Interaction-selective molecular sieving adsorbent for direct separation of ethylene from senary C2-C4 olefin/paraffin mixture

Abstract Olefin/paraffin separations are among the most energy-intensive processes in the petrochemical industry, with ethylene being the most widely consumed chemical feedstock. Adsorptive separation utilizing molecular sieving adsorbents can optimize energy efficiency, whereas the size-exclusive mechanism alone cannot achieve multiple olefin/paraffin sieving in a single adsorbent.
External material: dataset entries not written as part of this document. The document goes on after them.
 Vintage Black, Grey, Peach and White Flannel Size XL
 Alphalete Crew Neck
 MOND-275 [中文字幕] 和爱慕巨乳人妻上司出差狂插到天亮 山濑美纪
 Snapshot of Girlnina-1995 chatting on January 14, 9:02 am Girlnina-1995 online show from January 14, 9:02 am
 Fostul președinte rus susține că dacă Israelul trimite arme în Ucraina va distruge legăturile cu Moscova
Herein, an unprecedented sieving adsorbent, BFFOUR-Cu-dpds (BFFOUR = BF 4 - , dpds = 4,4’-bipyridinedisulfide), is reported for simultaneous sieving of C 2 -C 4 olefins from their corresponding paraffins. The interlayer spaces can be selectively opened through stronger guest-host interactions induced by unsaturated C = C bonds in olefins, as opposed to saturated paraffins. In equimolar six-component breakthrough experiments (C 2 H 4 /C 2 H 6 /C 3 H 6 /C 3 H 8 /n-C 4 H 8 /n-C 4 H 10 ), BFFOUR-Cu-dpds can simultaneously divide olefins from paraffins in the first column, while high-purity ethylene ( > 99.99%) can be directly obtained through the subsequent column using granular porous carbons. Moreover, gas-loaded single-crystal analysis, in-situ infrared spectroscopy measurements, and computational simulations demonstrate the accommodation patterns, interaction bonds, and energy pathways for olefin/paraffin separations.